Sure! Let’s say I want to enforce that a variable only ever holds an integer. Rather than put the conventional prefix and the name together, like this:
…I separate the conventional prefix with a space: …so now my co-workers don’t need to remember the convention – it’s enforced by the language.(I hope this makes the joke more obvious.)
I wasn't talking about Hungarian notation. I meant more like if you see a variable named `user` or `activeUser` you know that it's going to contain a predictably-shaped data object that describes a user. E.g. it will always have a `user.id` property. I would never call an string-ish ID a user, then. I would call it `activeUserId` or `userId` or just `id` if the distinction between those was already obvious from context... But that's very different from writing `strUserId` which I never do: I try to make sure my names always convey semantic distinctions.
Mhm! Exactly! In the system those other languages use, once you see the variable’s declaration:
…you’ll always know that `activeUser` contains a User value – something that might have an `Id` property. And the convention is enforced by the language, so it’s easy to communicate. These semantic distinctions are very useful, I agree.Haha I knew you'd say that. I'm not pretending there aren't advantages to strict systems of declared types. There are many! But my point is simple to the point of stupidity: there's just more stuff on screen when you have to write `User` twice. In this simple example it looks trivially simple to write the word "user" twice, but in a reasonably-complex real example the difference will be far more noticeable.
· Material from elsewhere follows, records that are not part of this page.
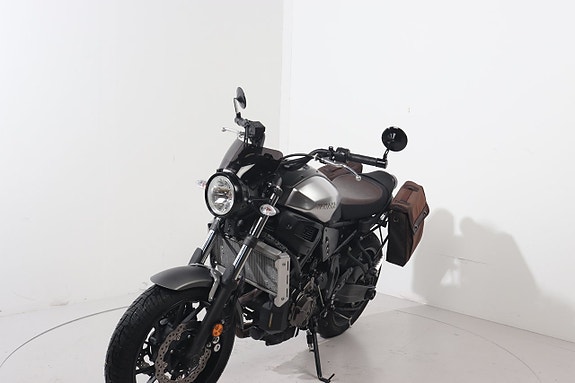 Yamaha XSR700 4 of 7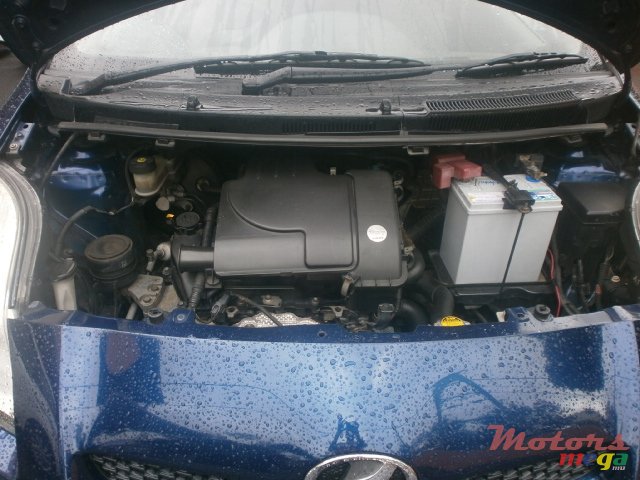 2008' Toyota Vitz photo #5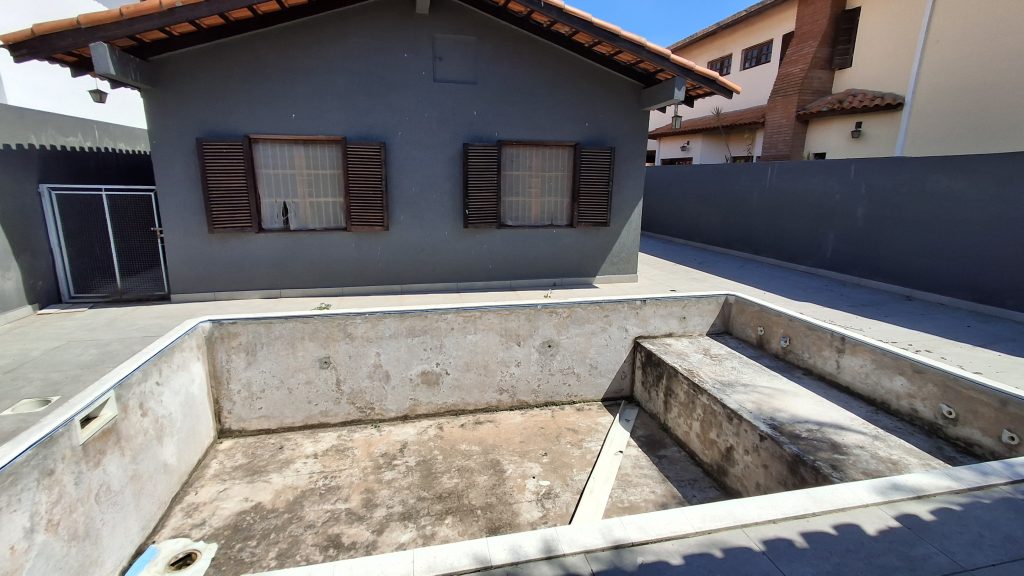 CASA TÉRREA EM CONDOMÍNIO – OPORTUNIDADE COM POTENCIAL DE VALORIZAÇÃO EM COTIA!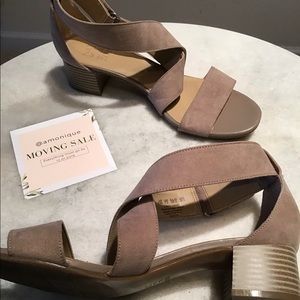 Naturalizer short heel sandals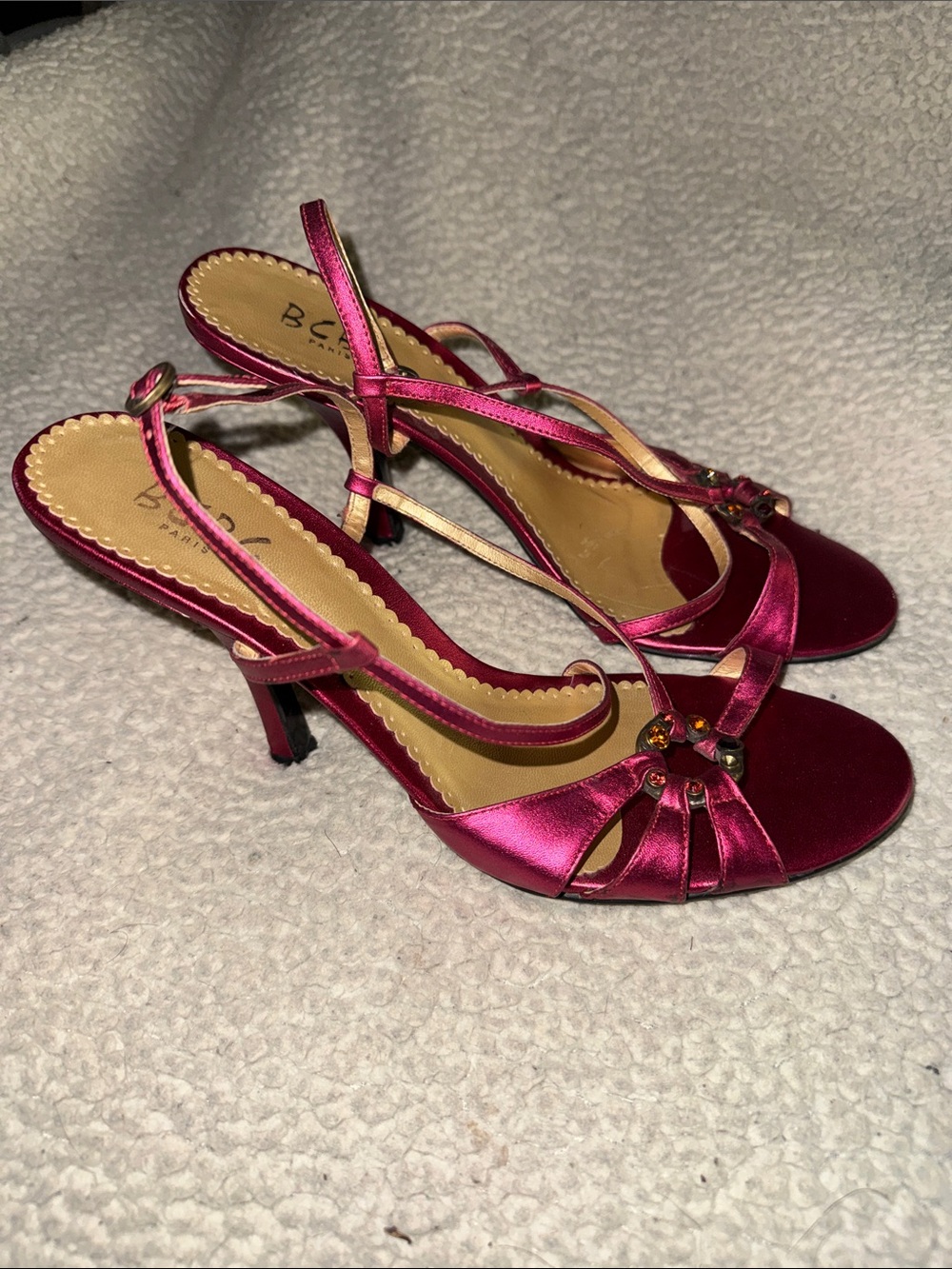 Women's Y2K BCBG Metallic Fuchsia Strappy Dress Heels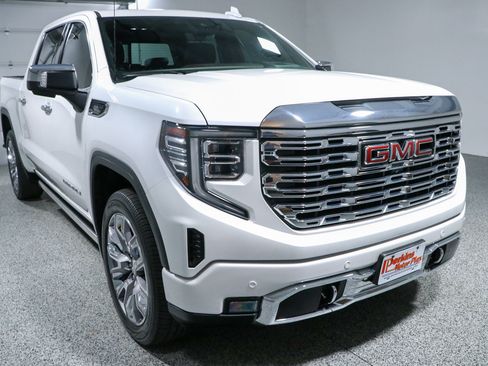 Used 2022 GMC Sierra 1500 Denali w/ Denali Reserve Package AWD/4WD image 5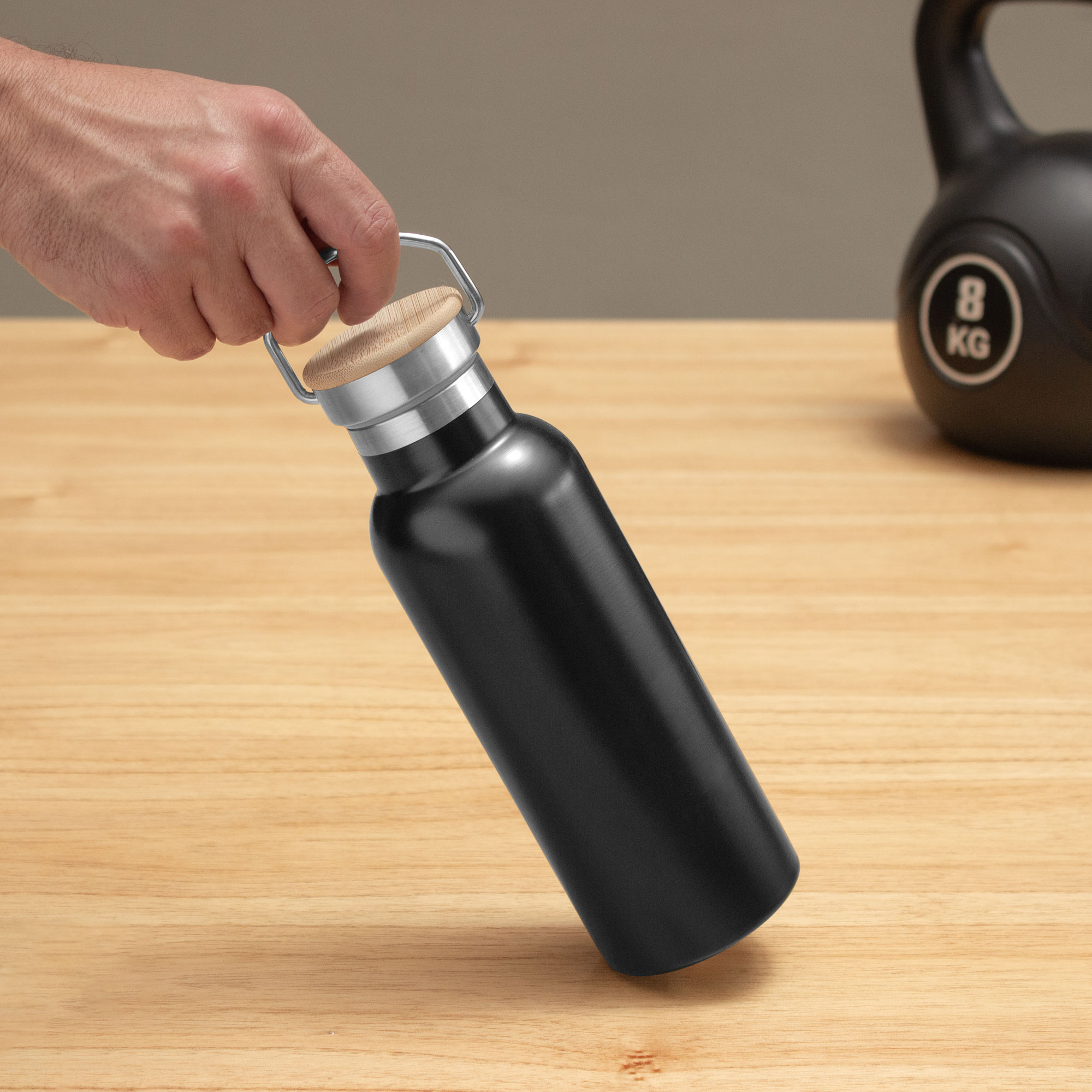altpromocional_publicitario_botella-Termica-T679_negro-1-contexto-1.jpg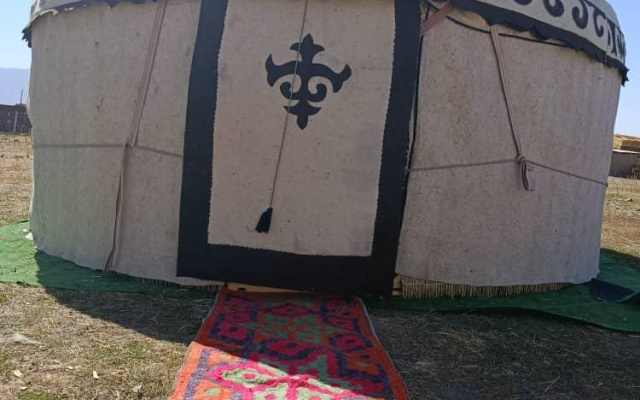 Qumush Yurt (Кумуш Юрт)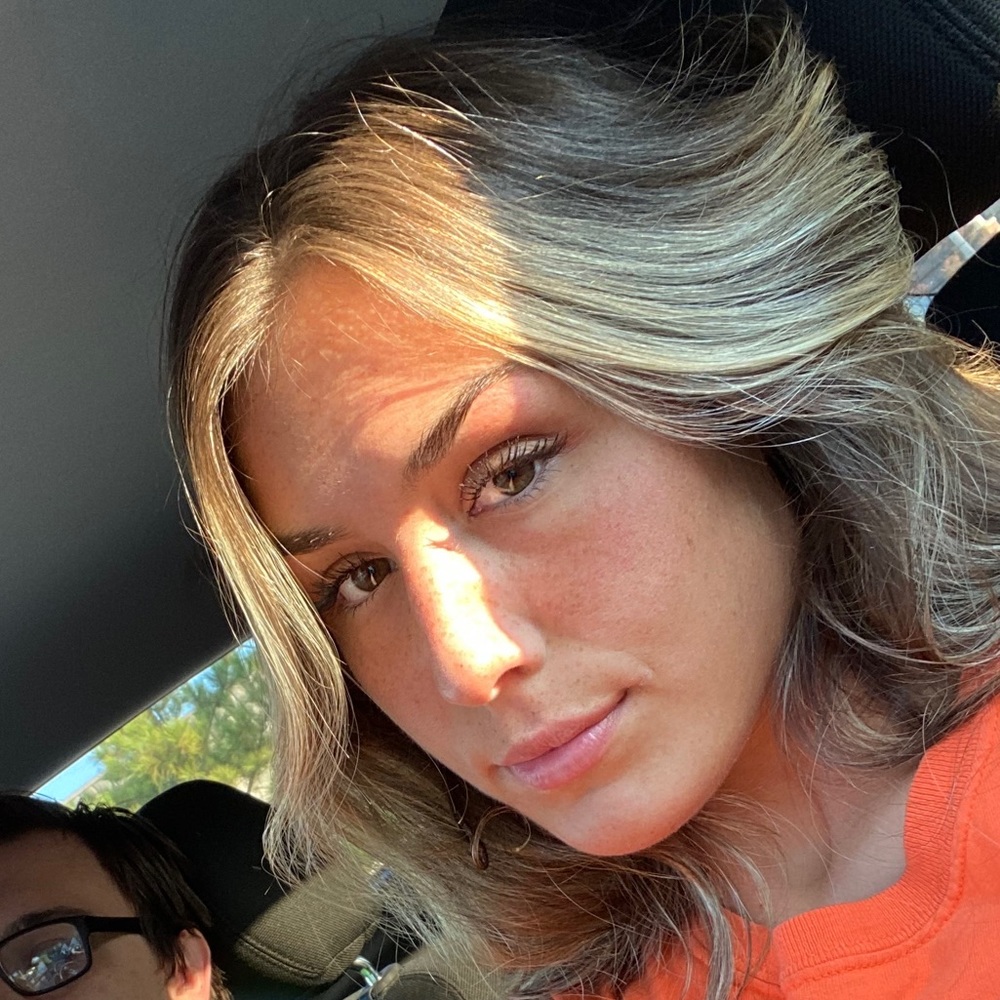 Meet your Posher, Makayla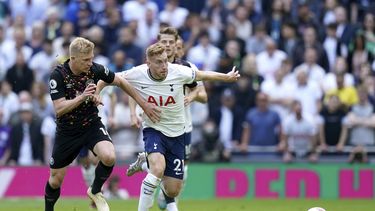 Ben Mee del Brentford y Dejan Kulusevski del Tottenham pelean por el balón en el encuentro de la Liga Premier el sábado 20 de mayo del 2023. (John Walton/PA via AP)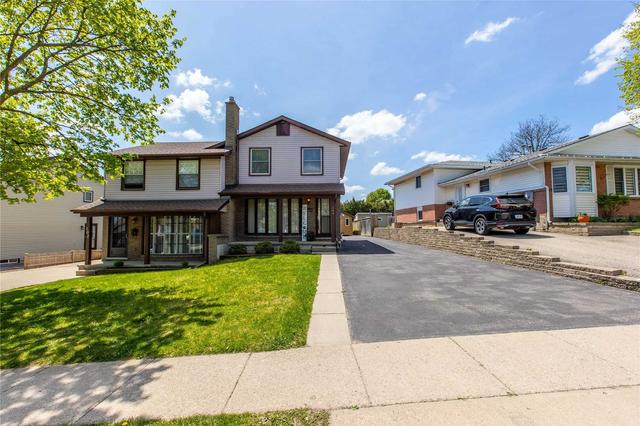 109 Northview Heights Dr, House semidetached with 3 bedrooms, 2 bathrooms and 4 parking in Cambridge ON | Image 12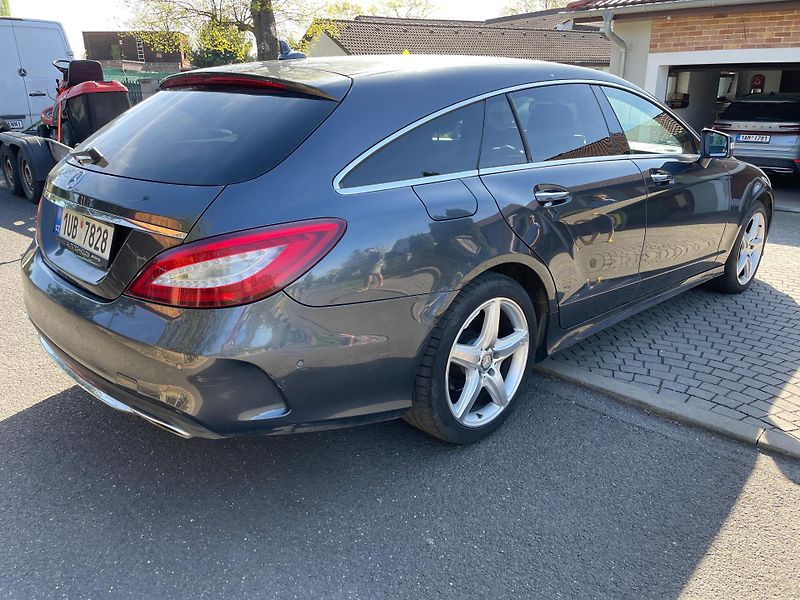 Mercedes-Benz CLS 350d 4MATIC Shooting Brake - fotka 5 z 40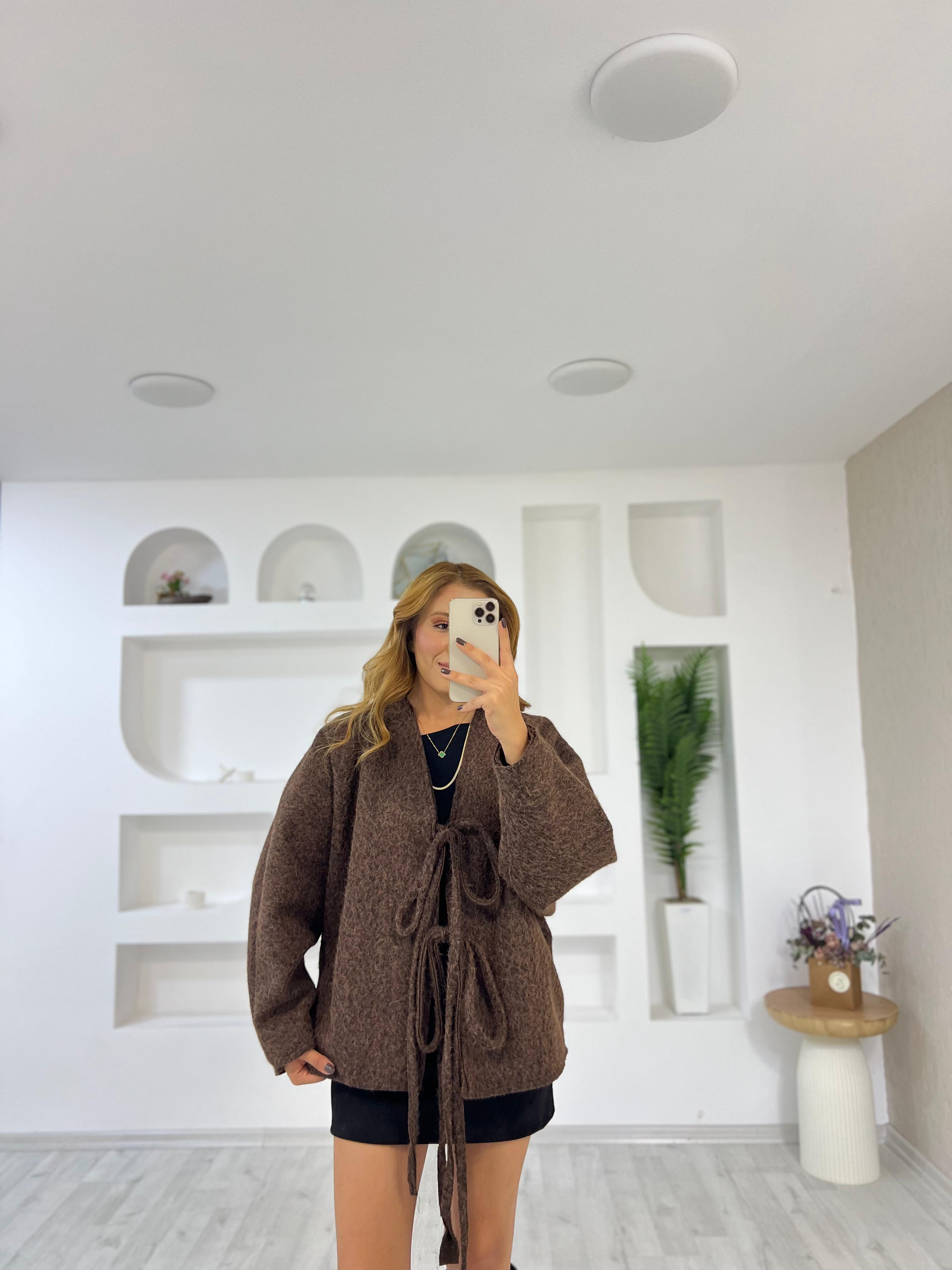 Bağlama Detay Uzun Tüylü Kaşe Ceket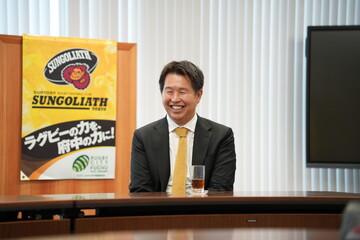 脇健太運営・ファン事業グループ統括マネージャーの写真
I should add a few more things: much of how I got here was exposure to Facebook's culture. Move fast and break things. React with prop types. Redux. Immutable.js. I did UI there on internal tools for datacenter operators and it was a drinking-from-the-firehose experience with exposure to new programming philosophies, tools, and levels of abstraction and refactoring velocity beyond anything I had previously encountered. Problems which in other companies I had learn to assume would never be resolved would actually consistently get fixes! Well, at that time. This was before the algorithm was fully enshittified and before the disastrous technopolitical developments in the way facebook and facebook messenger interact with each other.
Perhaps the most direct inspiration I took from there though was from the wonderful "opaque types" feature that Flow supports (https://flow.org/en/docs/types/opaque-types/) which for reasons known only to Hejlsberg and God, Typescript has never adopted; thus most people are unfamiliar with that way of thinking.
Yes, I am wondering if opaque types would be difficult to implement somehow in TypeScript? It should really be part of TypeScript if at all reasonably possible.
I'm not that familiar with the TS internals. They'd have to add a keyword to the language which could break stuff. The smart move would be to reserve the `opaque` word a few versions in advance of introducing the feature that gives it a meaning
I don't think the keyword is the problem, I am wondering more about the internals of their type inference algorithm.